(Source data)
▽
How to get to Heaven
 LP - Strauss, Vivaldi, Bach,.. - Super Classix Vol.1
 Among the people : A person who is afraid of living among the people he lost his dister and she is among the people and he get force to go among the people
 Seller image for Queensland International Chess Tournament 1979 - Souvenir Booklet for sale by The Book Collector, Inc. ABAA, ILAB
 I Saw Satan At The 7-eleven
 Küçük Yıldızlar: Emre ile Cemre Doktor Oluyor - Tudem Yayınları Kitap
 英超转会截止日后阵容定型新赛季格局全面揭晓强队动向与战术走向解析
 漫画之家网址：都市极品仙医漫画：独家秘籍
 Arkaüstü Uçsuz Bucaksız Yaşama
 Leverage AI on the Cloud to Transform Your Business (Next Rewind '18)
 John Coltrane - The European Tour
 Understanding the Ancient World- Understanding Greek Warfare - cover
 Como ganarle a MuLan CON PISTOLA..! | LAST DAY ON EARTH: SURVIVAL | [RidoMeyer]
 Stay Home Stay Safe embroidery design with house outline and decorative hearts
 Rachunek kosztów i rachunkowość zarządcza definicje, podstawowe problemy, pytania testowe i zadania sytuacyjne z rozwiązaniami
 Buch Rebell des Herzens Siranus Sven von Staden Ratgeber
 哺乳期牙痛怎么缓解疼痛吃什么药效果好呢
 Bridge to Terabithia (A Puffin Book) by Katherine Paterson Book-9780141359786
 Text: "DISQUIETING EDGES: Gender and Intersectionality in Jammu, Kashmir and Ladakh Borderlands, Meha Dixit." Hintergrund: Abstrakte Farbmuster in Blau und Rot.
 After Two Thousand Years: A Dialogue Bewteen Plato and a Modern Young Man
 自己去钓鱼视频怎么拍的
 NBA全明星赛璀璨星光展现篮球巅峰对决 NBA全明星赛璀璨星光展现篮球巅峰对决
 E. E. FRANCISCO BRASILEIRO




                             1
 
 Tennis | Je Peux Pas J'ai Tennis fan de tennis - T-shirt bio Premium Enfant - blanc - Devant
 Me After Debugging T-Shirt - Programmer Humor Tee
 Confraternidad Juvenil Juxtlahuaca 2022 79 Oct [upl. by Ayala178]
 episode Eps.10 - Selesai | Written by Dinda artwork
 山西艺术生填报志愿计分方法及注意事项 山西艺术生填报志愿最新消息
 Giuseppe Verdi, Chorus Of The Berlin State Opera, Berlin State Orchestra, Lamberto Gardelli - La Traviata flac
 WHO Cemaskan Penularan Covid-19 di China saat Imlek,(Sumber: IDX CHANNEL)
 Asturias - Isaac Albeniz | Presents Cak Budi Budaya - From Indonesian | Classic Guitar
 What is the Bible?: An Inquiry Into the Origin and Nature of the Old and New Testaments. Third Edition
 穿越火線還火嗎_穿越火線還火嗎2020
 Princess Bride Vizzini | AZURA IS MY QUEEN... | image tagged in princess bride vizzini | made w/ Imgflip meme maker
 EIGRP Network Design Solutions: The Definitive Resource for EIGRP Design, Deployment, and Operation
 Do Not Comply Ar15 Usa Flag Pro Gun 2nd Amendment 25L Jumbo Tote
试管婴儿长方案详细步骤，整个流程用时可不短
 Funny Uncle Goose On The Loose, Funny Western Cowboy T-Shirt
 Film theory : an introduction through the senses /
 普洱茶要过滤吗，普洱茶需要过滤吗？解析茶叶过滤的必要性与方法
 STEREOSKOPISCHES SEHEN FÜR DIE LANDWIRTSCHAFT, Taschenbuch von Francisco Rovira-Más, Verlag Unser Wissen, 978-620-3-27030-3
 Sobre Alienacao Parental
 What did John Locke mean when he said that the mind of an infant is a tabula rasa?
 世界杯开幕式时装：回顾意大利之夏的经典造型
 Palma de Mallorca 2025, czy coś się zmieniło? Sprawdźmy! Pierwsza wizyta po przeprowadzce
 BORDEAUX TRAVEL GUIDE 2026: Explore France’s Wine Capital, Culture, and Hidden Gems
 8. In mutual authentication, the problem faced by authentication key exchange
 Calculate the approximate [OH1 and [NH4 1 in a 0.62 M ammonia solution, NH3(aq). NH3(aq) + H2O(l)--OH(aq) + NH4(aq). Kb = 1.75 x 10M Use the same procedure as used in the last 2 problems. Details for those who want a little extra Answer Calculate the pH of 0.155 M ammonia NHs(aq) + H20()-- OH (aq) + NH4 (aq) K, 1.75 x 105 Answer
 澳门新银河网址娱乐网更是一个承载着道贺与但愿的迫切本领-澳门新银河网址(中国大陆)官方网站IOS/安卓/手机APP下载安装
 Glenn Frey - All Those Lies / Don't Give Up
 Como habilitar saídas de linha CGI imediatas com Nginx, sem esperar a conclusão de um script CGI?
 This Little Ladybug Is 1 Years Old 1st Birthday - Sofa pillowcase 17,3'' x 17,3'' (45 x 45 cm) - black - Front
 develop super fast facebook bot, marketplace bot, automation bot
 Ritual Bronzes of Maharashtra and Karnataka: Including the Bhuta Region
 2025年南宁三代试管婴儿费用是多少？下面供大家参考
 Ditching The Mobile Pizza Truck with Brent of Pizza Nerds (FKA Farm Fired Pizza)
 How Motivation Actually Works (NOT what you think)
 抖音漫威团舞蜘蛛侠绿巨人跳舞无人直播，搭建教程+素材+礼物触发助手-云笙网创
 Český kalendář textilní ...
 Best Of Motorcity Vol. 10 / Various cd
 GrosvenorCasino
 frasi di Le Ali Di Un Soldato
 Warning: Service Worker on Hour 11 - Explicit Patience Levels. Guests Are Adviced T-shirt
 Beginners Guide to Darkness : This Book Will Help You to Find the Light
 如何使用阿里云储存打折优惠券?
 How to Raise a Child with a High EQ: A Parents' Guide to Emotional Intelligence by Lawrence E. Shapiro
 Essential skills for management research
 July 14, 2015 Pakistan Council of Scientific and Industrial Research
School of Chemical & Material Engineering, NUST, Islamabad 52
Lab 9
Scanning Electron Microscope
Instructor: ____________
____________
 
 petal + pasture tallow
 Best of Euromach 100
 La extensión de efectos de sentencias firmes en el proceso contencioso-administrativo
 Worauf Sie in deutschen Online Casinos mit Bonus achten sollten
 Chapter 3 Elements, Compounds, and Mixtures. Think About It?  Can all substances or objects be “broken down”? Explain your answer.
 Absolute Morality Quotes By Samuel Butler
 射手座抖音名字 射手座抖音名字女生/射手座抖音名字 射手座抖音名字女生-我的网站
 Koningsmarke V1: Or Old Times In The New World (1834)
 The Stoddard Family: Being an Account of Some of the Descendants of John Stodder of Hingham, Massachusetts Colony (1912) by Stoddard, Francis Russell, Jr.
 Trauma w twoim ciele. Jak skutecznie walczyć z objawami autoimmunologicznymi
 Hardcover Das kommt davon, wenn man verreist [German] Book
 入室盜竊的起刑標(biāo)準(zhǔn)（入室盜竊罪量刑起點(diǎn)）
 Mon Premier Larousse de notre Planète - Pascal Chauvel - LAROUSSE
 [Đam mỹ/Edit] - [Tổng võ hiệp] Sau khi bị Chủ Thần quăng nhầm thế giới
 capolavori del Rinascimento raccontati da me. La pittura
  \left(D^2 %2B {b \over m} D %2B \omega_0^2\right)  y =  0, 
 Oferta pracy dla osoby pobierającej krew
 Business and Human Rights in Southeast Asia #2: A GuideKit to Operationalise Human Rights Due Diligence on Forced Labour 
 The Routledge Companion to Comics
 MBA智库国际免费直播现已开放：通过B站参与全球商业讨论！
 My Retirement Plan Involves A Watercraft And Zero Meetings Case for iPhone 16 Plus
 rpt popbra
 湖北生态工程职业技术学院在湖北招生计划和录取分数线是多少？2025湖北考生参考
△
## Task
Only one stretch of the entries above is wanted: the lines from the one containing "Český kalendář textilní ..." through the one containing "[Đam mỹ/Edit] - [Tổng". Please reproduce it exactly.

## Solution
 Český kalendář textilní ...
 Best Of Motorcity Vol. 10 / Various cd
 GrosvenorCasino
 frasi di Le Ali Di Un Soldato
 Warning: Service Worker on Hour 11 - Explicit Patience Levels. Guests Are Adviced T-shirt
 Beginners Guide to Darkness : This Book Will Help You to Find the Light
 如何使用阿里云储存打折优惠券?
 How to Raise a Child with a High EQ: A Parents' Guide to Emotional Intelligence by Lawrence E. Shapiro
 Essential skills for management research
 July 14, 2015 Pakistan Council of Scientific and Industrial Research
School of Chemical & Material Engineering, NUST, Islamabad 52
Lab 9
Scanning Electron Microscope
Instructor: ____________
____________
 
 petal + pasture tallow
 Best of Euromach 100
 La extensión de efectos de sentencias firmes en el proceso contencioso-administrativo
 Worauf Sie in deutschen Online Casinos mit Bonus achten sollten
 Chapter 3 Elements, Compounds, and Mixtures. Think About It?  Can all substances or objects be “broken down”? Explain your answer.
 Absolute Morality Quotes By Samuel Butler
 射手座抖音名字 射手座抖音名字女生/射手座抖音名字 射手座抖音名字女生-我的网站
 Koningsmarke V1: Or Old Times In The New World (1834)
 The Stoddard Family: Being an Account of Some of the Descendants of John Stodder of Hingham, Massachusetts Colony (1912) by Stoddard, Francis Russell, Jr.
 Trauma w twoim ciele. Jak skutecznie walczyć z objawami autoimmunologicznymi
 Hardcover Das kommt davon, wenn man verreist [German] Book
 入室盜竊的起刑標(biāo)準(zhǔn)（入室盜竊罪量刑起點(diǎn)）
 Mon Premier Larousse de notre Planète - Pascal Chauvel - LAROUSSE
 [Đam mỹ/Edit] - [Tổng võ hiệp] Sau khi bị Chủ Thần quăng nhầm thế giới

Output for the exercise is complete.